WORK REQUEST: Transcribe, without any change, the line that includes "Galaxy S25 Ultra" and all the lines that come after it in the material below.

──────────────────────────────

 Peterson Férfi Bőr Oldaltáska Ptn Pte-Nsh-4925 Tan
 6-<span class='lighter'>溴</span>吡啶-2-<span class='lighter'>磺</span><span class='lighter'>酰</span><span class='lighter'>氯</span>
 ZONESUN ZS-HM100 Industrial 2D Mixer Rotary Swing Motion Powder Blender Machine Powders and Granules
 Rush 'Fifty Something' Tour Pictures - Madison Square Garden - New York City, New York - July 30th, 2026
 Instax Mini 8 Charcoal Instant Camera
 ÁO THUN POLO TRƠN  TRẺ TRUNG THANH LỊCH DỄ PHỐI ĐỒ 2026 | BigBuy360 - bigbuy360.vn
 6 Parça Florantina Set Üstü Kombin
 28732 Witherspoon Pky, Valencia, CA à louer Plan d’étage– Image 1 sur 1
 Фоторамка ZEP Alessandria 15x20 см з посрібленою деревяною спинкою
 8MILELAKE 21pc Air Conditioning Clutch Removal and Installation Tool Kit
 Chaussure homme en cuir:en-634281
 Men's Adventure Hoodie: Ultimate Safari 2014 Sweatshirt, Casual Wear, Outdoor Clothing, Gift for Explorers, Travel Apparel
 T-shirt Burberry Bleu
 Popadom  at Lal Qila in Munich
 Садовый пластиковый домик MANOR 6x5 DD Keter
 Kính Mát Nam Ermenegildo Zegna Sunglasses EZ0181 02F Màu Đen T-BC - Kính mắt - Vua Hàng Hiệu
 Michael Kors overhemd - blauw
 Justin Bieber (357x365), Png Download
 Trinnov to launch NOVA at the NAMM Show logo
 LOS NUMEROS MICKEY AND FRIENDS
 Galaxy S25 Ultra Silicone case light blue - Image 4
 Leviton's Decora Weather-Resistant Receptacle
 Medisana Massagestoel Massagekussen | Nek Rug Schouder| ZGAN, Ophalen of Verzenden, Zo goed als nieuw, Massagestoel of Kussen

──────────────────────────────

RESULT:
 Galaxy S25 Ultra Silicone case light blue - Image 4
 Leviton's Decora Weather-Resistant Receptacle
 Medisana Massagestoel Massagekussen | Nek Rug Schouder| ZGAN, Ophalen of Verzenden, Zo goed als nieuw, Massagestoel of Kussen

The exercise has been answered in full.